Il est évident que cela complique singulièrement la tâche de l'imprimeur qui
s'il veut réaliser un travail propre, doit en permanence ajuster ses caractères
pour que la fin d'une lettre corresponde exactement au début de la suivante.
Les méthodes informatiques rendent ceci de moins en moins vrai : sur Macintosh (et probablement sur PC) les ligatures contextuelles sont traitées automatiquement (techniquement parlant, avec la « resource » itl5 dans le sytème opérationnel du Macintosh). L'ère de l'ordinateur va permettre à l'écriture arabe de connaître son plein développement.
Les premiers imprimeurs arabes disposaient de plus d'un millier de caractères.
Ce chiffre fut progressivement réduit aux 300 dont disposent les imprimeries
contemporaines. Le premier défi de la typographie arabe est donc celui de la
rationalisation.
Oui, mais ce n'est plus vrai si l'on abandonne le plomb.
D'autre part, la difficulté majeure du point de vue technique, est celle de la
vocalisation. Il est en effet assez difficile de placer les voyelles courtes
(Dammah, Fathah et Kasrah) ou les autres signes diacritiques comme le Shaddah.
D'autre part, le téléscopage de certaines lettres comme dans le mot Mohammed'
dans quelques combinaisons de consonnes rendent toute vélléité de vocalisation
vaine.
Ce n'est pas une difficulté d'origine typographique : la suppression des voyelles dans les langues sémitiques n'a pas son origine dans des problèmes techniques, mais dans la complicité linguistique : elles sont considérées comme inutiles (voilà, soit dit en passant, quelque chose que vous oubliez dans l'optique du gain de place). Cette convention de suppression remonte aux débuts de l'écriture. Si nous comprenons les textes égyptiens écrits en hiéroglyphes sans pouvoir pouvoir les prononcer, c'est du fait de l'absence de retranscription des voyelles (dans le cas des mots non idéographiques). On ne transcrivait pas les voyelles, car toute personne qui savait lire la langue en question était supposée la connaître, pratiquement l'avoir pour langue maternelle, et partager la même culture. Dans ces conditions, la perception des consonnes suffisait à reconstituer mentalement le mot, un peu comme les abréviations, lorsqu'elles sont bien faites ou lorsqu'on appartient au groupe auquel elles sont destinées, sont automatiquement remplacées par le mot qu'elles représentent. Le partage du contexte culturel était donc essentiel.

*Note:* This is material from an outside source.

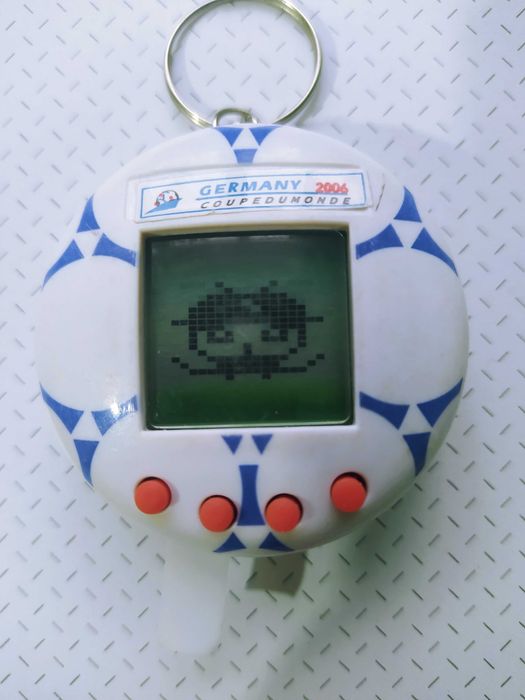 Тамагочі 2000-2005 роки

L'arabe relevé est difficile à lire par ceux dont l'éduction est insuffisante : en l'absence de voyelles transcrites, ils ne peuvent lire à haute voix les mots qu'ils lisent, mais ne connaissent pas. Je suppose aussi qu'il y a des ambiguïtés sues à des homonymies apparentes (non homophoniques), ambiguïtés que seule la connivence culturelle permet de lever.
Enfin, le dernier reproche que peut faire l'imprimerie à l'écriture arabe
Vous vous exprimez sans doute mal ici! Vous donnez l'impression que nous, en dehors du monde arabe, nous pouvons faire des reproches à l'écriture arabe : elle est ce qu'elle est et les imprimeurs arabes s'en accomodent.
est le
fait qu'elle prenne beaucoup de place dans le sens de la hauteur.

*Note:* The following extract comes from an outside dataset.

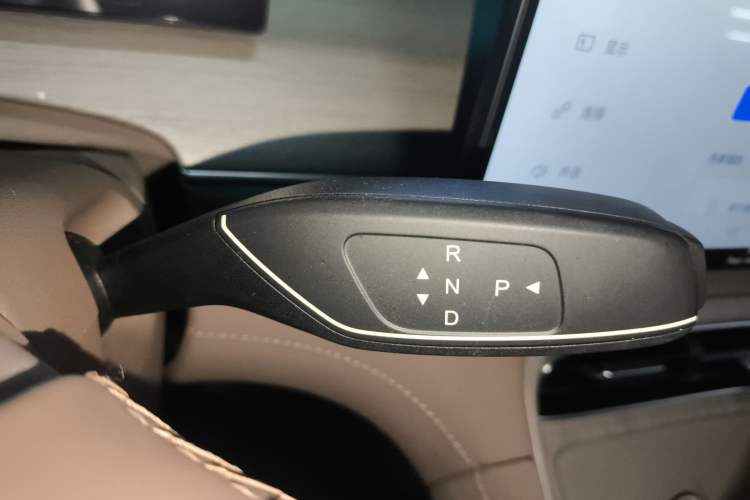 Used Chery Fengyun T8 2025 1.5T 130km Deluxe Version 5 Seats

Et alors?! En voilà bien une préoccupation toute occidentale! Comme vous le dites plus loin, la calligraphie est importante pour les Arabes et l'économie de place ne vient qu'ensuite, si même elle vient à être considérée (même si l'on peut comprendre que le problème économique se pose avec plus d'acuité pour des publications comme les quotidiens; mais même là, il faut bien faire attention de ne pas faire usage de nos critères occidentaux sans prudence). Il n'y a d'ailleurs pas a aller si loin. Je dirige la publication d'une revue scientifique et ma politique est de favoriser tout ce qui permet une meilleure expression des auteurs : nous les incitons à supprimer toutes les abréviations (en dehors de celles qui sont inclues depuis longtemps dans la langue et que tout lecteur du français est censé comprendre, comme « etc. ») et plus généralement a développer tout ce qui, sinon, nuirait à la fluidité du texte, et ce, indépendemment de toute question de place ou d'encre. Notre seul et unique soucis est la qualité du contenu de ce que nous imprimons, ensuite vient l'apparence, la forme, et ceci n'inclut pas un soucis de faire le plus court possible. (Je ne suis ni Arabe ni mohométan.)
C'est que les
caractères ne sont pas normalisés et que certains montent très haut comme le
Alef ou dans le Kaf et d'autres descendent très bas comme le ain ou le mim.
Donc ce que l'on gagne comme place du fait de la compacité de l'écriture, on le
perd en espacements entre les lignes: on met en effet plus de mots dans une
ligne, mais moins de lignes dans une page qu'avec les caractères latins.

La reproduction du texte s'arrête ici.